NORMAN, Okla. – There was a time when wide receiver Kenny Stills had to answer all the questions on the field and answer for all the questions for everything off the field.
Couldn’t have been easy, either.
Stills was expected to do big things, and the receiving group was thought to be one of the best in the country. Couple with the return of fifth-year senior quarterback Landry Jones, the passing game was supposed to be the strength of the offense.
But after coach Bob Stoops suspended receivers Jaz Reynolds, Trey Franks and Kameel Jackson, Stills suddenly was the only receiver on the roster with a single collegiate catch.
In addition, receiver Trey Metoyer — praised in the spring — isn’t getting much of a whisper now, and highly touted Courtney Gardner never made it to campus.
So how did their biggest problem become their biggest strength as the Sooners wrap up the regular season Saturday against TCU?
“These receivers we’ve got have been awesome,” coach Bob Stoops said. “They’ve been consistent. They’ve been a really great group, unselfish, working together. Even the young guys have come in and done a great job.”
Good is one way to put it; surprising is another.
With a combination of Stills and two transfers, the receiving corps is doing exactly what most thought it could – albeit with a whole different group of people.
“They’ve gotten better,” said co-offensive coordinator Josh Heupel. “Landry has gotten more comfortable. Those guys have matured in a really good way. The new guys have adjusted.”
You could say that. Transfers Justin Brown (Penn State) and Jalen Saunders (Fresno State) – neither of whom went through spring practice – have become OU’s most dependable players as well as punt returners.
Brown tied a school record with 15 catches last week in a win against Oklahoma State. He also has a punt return for a touchdown and 62 catches on the season.
Saunders missed the first four games of the season, waiting for his transfer to clear through the NCAA. Since then, he has 46 catches and is averaging 94 receiving yards per game. He had 10 catches last week for 162 yards and a score against OSU, as well as an 81-yard punt return for a touchdown, the first punt return score of his career.
And then there’s Stills. The junior leads the team with 876 yards receiving, 11 touchdowns and 73 catches. He had four touchdown catches against West Virginia.

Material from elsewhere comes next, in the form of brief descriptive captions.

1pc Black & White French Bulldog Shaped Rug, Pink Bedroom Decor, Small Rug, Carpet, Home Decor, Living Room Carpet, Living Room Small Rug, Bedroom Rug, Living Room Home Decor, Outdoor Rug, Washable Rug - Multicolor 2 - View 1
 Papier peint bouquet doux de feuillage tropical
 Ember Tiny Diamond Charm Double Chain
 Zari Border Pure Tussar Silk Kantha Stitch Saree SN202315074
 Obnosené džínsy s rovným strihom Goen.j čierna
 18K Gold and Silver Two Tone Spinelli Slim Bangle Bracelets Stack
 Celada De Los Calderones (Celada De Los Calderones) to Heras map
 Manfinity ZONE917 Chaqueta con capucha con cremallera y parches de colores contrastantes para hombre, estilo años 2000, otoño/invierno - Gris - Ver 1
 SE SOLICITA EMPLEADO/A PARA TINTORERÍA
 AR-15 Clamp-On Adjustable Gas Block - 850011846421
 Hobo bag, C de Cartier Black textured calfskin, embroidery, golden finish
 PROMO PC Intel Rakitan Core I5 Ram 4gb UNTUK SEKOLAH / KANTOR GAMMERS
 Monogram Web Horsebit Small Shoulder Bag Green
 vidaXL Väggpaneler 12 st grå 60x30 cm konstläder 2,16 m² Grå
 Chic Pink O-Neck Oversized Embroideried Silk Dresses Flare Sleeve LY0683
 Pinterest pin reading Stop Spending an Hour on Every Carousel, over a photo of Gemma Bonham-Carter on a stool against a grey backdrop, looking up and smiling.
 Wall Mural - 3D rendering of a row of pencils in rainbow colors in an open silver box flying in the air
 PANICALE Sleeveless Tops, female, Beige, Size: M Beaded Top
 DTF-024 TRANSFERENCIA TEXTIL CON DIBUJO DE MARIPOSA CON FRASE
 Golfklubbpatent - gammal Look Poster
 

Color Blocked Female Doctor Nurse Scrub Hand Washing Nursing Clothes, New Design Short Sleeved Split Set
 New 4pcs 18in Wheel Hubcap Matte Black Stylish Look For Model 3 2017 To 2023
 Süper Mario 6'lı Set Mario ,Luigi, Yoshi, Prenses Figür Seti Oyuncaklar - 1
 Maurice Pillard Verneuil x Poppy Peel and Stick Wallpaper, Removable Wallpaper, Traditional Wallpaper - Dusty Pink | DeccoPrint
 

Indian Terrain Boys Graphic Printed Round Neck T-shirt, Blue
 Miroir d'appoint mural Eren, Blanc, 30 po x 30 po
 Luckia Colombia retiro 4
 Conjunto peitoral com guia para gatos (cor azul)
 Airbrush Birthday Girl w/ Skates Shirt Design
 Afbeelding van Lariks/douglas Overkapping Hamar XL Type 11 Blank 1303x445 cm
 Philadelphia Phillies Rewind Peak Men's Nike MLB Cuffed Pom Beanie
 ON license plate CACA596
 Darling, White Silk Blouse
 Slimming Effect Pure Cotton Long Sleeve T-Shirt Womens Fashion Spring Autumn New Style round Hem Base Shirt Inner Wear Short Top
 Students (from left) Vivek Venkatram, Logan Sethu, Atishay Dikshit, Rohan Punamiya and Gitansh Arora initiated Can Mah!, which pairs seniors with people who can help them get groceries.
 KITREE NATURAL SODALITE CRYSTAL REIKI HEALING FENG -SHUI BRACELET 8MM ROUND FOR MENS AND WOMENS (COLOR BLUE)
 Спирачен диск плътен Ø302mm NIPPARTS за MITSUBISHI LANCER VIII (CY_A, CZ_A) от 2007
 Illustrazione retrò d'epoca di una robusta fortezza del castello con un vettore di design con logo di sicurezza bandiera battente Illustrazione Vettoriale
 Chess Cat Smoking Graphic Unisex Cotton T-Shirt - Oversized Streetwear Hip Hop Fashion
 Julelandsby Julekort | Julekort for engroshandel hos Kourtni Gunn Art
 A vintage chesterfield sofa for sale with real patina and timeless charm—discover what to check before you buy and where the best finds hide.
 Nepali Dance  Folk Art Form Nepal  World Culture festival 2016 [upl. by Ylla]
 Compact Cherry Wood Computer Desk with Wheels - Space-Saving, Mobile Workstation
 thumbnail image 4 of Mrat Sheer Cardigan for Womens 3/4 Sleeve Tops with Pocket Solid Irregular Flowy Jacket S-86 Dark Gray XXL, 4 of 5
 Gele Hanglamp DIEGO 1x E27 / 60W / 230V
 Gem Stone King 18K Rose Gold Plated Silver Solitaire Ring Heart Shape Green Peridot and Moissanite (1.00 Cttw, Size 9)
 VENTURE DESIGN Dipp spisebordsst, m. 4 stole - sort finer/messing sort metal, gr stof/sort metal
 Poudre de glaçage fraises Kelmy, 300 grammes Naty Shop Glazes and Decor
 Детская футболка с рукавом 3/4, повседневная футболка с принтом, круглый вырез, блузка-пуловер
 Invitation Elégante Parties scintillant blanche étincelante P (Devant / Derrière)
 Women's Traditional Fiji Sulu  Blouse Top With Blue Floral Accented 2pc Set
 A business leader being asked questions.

A new group, but certainly improved, too. For the first time in school history, the Sooners had three receivers (Saunders, Brown, Stills) go for 100 or more receiving yards against Oklahoma State.
“Once we got Justin and Jalen in there, I thought we were capable of something like this,” Stills said. “When Jaz got suspended and things happened the way they did, I obviously didn’t think that at the time.”
No one did, and maybe because of it, Jones got off to a slow start. But as the receivers have gotten more comfortable, Jones seems to have joined them.
“You lose a game and people think you can’t coach, can’t throw, can’t block, you can’t catch,” Jones said. “We went back to work. All that paid off for us. I don’t know if we drastically changed anything. I think the hard work and determination we put into this offense has really started to pay off.”
The result has been more than 1,000 yards of passing offense the past two weeks in a road win over West Virginia and a rally past Oklahoma State in Norman.
And an offense that struggled early against UTEP and Kansas State seems to be working pretty well now, bailing out an OU defense that played well the first half of the season, but hasn’t been great lately.
“There was some learning curve,” Stoops said of the receivers. “I think Justin has played almost more than anyone here and Jalen had played a lot, so they know what it takes to play in a game.”
Brown will be gone next year, but everyone else returns, including freshman Sterling Shepard – who has 38 catches this season – and Metoyer, who should be much improved.
And once again, the Sooners will head into a season in which the receivers are expected to be the strength of the team.